When you see: "Find all combinations", "Generate all", "Explore all possibilities"

Think: Backtracking!

Backtracking Template:

def backtrack(choices, current_state):
    if is_solution(current_state):
        result.append(current_state)
        return

    for choice in choices:
        make_choice(choice)
        backtrack(remaining_choices, new_state)
        undo_choice(choice)  # Backtrack!

Problem 18: Permutations (Medium)

LeetCode #46

Problem: Given an array nums of distinct integers, return all possible permutations.

Intuition

Key Insight: Build permutations by choosing elements one by one, backtracking when complete.

Difference from subsets: Order matters! [1,2] and [2,1] are different permutations.

def permute(nums):
    """
    Backtracking with tracking which elements are used

    How it works:
    1. Try each unused element as next position
    2. Mark as used, recurse
    3. When permutation complete (length == n), add to result
    4. Backtrack: unmark and try next choice

    Example: nums = [1,2,3]

    Build [1, ?, ?]:
      Try [1,2,?]:
        Try [1,2,3] ✓ (complete)
      Try [1,3,?]:
        Try [1,3,2] ✓ (complete)
    Build [2, ?, ?]:
      ... and so on

    Result: [[1,2,3], [1,3,2], [2,1,3], [2,3,1], [3,1,2], [3,2,1]]

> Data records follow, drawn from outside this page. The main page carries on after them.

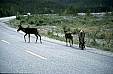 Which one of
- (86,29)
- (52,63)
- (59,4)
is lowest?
(59,4)

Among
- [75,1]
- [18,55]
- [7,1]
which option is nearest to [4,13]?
[7,1]

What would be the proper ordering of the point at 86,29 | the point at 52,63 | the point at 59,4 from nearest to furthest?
1. the point at 52,63
2. the point at 86,29
3. the point at 59,4

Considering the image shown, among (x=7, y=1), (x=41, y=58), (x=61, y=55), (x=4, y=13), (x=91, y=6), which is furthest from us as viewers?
(x=91, y=6)

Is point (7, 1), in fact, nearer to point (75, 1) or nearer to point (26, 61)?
point (75, 1)

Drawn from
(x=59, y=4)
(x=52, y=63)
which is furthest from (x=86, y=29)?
(x=59, y=4)

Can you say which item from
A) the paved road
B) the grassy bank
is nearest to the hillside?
the grassy bank

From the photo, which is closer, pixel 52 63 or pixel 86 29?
pixel 52 63

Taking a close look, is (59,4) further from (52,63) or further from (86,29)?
(52,63)

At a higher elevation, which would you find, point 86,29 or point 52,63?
point 52,63

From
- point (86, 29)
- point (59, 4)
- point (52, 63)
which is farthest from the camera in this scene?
point (59, 4)

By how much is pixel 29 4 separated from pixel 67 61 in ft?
502

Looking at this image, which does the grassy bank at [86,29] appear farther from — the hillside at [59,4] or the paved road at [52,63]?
the hillside at [59,4]

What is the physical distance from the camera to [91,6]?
525ft

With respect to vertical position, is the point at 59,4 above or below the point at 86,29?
below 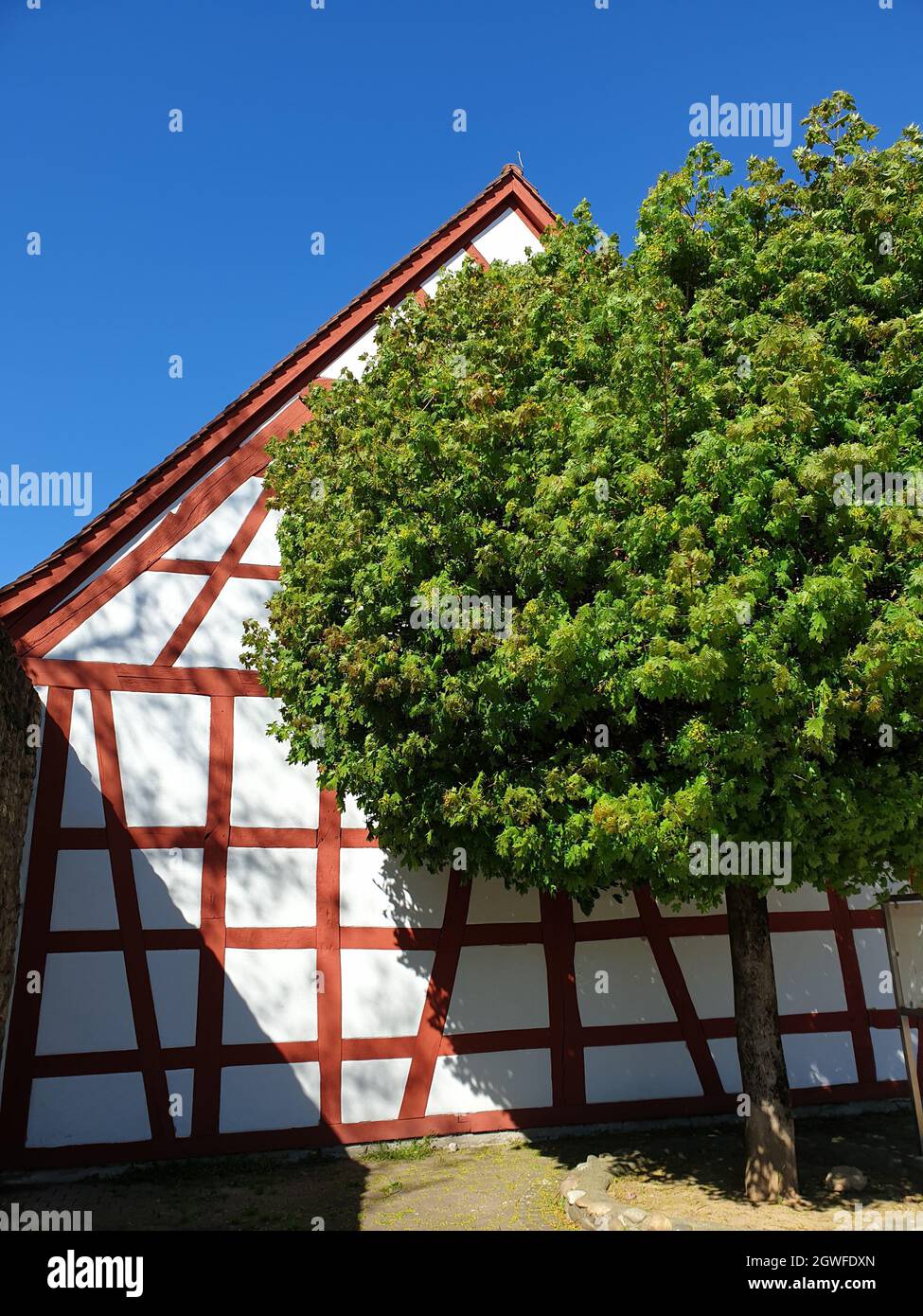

    Time: O(n! × n) - n! permutations, each O(n) to build
    Space: O(n) - recursion depth
    """
    result = []

    def backtrack(current):
        # Base case: permutation complete
        if len(current) == len(nums):
            result.append(current[:])
            return

        for num in nums:
            if num in current:  # Already used
                continue

            # Make choice
            current.append(num)
            backtrack(current)
            current.pop()  # Backtrack

    backtrack([])
    return result

Optimized: Swap-based Approach

def permute_swap(nums):
    """
    In-place swapping approach

    Instead of tracking used elements, swap them to current position

    Time: O(n! × n)
    Space: O(n) - recursion only
    """
    result = []

    def backtrack(start):
        if start == len(nums):
            result.append(nums[:])
            return

        for i in range(start, len(nums)):
            # Swap to current position
            nums[start], nums[i] = nums[i], nums[start]
            backtrack(start + 1)
            # Swap back (backtrack)
            nums[start], nums[i] = nums[i], nums[start]

    backtrack(0)
    return result

Pattern 10: Graphs

Problem 19: Number of Islands (Medium)

LeetCode #200

Problem: Given a 2D grid of '1's (land) and '0's (water), count the number of islands.

Intuition

Key Insight: Each connected component of 1's is an island. Use DFS/BFS to mark entire island when found.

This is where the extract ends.